In the autumn of 1967, Taipei City came under control of the Executive Yuan. The school was given the name Taipei Municipal Cheng Kung Senior High School. The present name of the school is Taipei Municipal Chenggong High School.

By order of the government, the school began to have evening sessions in 1953, which stopped enrolling new students in 1981. The evening sessions terminated two years later after the final students in the programme graduated.

==Surroundings==
Chenggong High School is situated in the city center where government offices and other organisational institutions abound. The campus has an area of 20,000 square meters.

==Guidance and counseling==
The guidance programs are set up by the guidance committee and carried out by the teachers and the counselors. There is one chief guidance counselor and four guidance teachers.
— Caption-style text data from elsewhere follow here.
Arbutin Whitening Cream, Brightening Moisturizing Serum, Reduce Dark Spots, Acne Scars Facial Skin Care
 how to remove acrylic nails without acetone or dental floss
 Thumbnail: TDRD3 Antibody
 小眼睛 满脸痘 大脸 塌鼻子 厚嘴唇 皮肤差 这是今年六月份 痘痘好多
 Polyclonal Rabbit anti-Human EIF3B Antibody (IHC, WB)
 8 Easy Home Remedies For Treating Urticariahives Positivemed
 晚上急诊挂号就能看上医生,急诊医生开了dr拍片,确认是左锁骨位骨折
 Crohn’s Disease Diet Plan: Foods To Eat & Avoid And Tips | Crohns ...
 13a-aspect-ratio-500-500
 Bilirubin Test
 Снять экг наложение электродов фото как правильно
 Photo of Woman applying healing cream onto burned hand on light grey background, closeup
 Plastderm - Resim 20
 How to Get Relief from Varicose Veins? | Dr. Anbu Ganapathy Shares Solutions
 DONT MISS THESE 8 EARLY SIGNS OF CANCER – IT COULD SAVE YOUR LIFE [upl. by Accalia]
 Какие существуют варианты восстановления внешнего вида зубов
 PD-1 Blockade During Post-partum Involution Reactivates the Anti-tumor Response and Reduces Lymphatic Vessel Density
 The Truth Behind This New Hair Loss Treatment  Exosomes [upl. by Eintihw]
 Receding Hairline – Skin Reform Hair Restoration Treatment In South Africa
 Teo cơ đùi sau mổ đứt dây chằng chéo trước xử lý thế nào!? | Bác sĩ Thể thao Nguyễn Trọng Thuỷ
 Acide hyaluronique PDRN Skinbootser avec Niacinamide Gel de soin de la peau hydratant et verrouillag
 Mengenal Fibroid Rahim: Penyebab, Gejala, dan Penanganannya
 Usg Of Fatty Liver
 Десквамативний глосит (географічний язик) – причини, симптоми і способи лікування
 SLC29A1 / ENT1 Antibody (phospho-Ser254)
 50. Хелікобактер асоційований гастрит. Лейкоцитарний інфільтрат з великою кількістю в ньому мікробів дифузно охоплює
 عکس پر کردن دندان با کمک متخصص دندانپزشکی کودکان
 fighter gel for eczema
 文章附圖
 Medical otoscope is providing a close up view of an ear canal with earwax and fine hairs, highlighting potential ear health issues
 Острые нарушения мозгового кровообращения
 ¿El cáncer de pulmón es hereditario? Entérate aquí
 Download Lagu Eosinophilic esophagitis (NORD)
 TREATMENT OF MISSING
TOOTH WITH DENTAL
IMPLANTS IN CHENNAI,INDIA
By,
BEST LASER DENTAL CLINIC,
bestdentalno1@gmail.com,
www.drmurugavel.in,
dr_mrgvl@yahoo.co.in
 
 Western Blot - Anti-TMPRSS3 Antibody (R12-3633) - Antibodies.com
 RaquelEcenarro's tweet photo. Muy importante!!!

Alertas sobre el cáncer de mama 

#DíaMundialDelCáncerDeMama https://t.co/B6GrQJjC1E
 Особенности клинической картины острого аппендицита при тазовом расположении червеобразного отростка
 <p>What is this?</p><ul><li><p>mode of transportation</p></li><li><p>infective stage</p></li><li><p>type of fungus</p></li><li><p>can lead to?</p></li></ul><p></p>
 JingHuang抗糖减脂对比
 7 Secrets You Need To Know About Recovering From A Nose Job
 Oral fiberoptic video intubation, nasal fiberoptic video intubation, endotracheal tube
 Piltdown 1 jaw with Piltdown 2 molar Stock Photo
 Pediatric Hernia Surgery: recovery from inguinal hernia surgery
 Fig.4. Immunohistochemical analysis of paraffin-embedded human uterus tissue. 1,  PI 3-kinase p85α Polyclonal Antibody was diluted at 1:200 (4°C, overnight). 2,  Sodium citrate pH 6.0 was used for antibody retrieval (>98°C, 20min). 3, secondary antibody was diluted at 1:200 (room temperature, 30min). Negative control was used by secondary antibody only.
The objectives of the guidance services are to improve the students' psychological health and to adjust them well in the learning and living environment.

==Club activities==
The school has 57 clubs for academics, skills and talents, physical training, recreation, leisure activities, and school teams.

==Teaching equipment==

| Title | Total | Title | Total |
| Regular Classroom | 74 | Chemistry Laboratory | 3 |
| Physics Laboratory | 3 | Biology Laboratory | 2 |
| Earth sciences Laboratory | 1 | Computer Science Room | 3 |
| Audio-Visual Room | 4 | English Language Laboratory | 1 |
| Teaching Resources Room | 4 | Music Room | 3 |
| Fine Arts Room | 3 | Industrial Arts Laboratory | 2 |
| Ceramics Laboratory | 1 | Library | 1 |
| Student Activity Centre | 1 | Swimming Pool | 1 |
| Sportsfield | 1 | Biological Developing Greenhouse | 1 |
| Network & Computer Centre | 1 | Computer Science Room | 1 |

===Personnel===

| Title | number | Title | number |
| Principal | 1 | Administrative Staff | 17 |
| Secretary | 1 | Technician | 1 |
| Division Chief | 7 | Technician Assistant | 1 |
| Section Chief | 12 | Associate Clerk | 2 |
| Guidance Teacher | 3 | Mechanic and Technician | 5 |
| Teacher | 147 | Janitor | 12 |
| Chief Military Instructor | 1 | Military Instructor | 11 |
| Nurse | 2 | - | - |
| Total | 223 | - | - |

===Qualification of faculty and staff===

| Qualification | Teacher | Staff |
| Domestic graduate schools | 128 | 1 |
| Foreign graduate schools | 4 | 0 |
| Normal universities | 25 | 0 |
| Other universities | 20 | 7 |
| Junior college | 1 | 10 |
| High / Vocational schools | 0 | 10 |
| Total | 178 | 28 |

== Notable alumni ==
- Hau Lung-bin – Mayor of Taipei City (2006–2014)
- Ambrose King – sociologist
- Gu Long – Wuxia novel writer
- David Der-wei Wang – Professor of Chinese literature

==Transportation==
The school is accessible within walking distance south of Shandao Temple Station of Taipei Metro.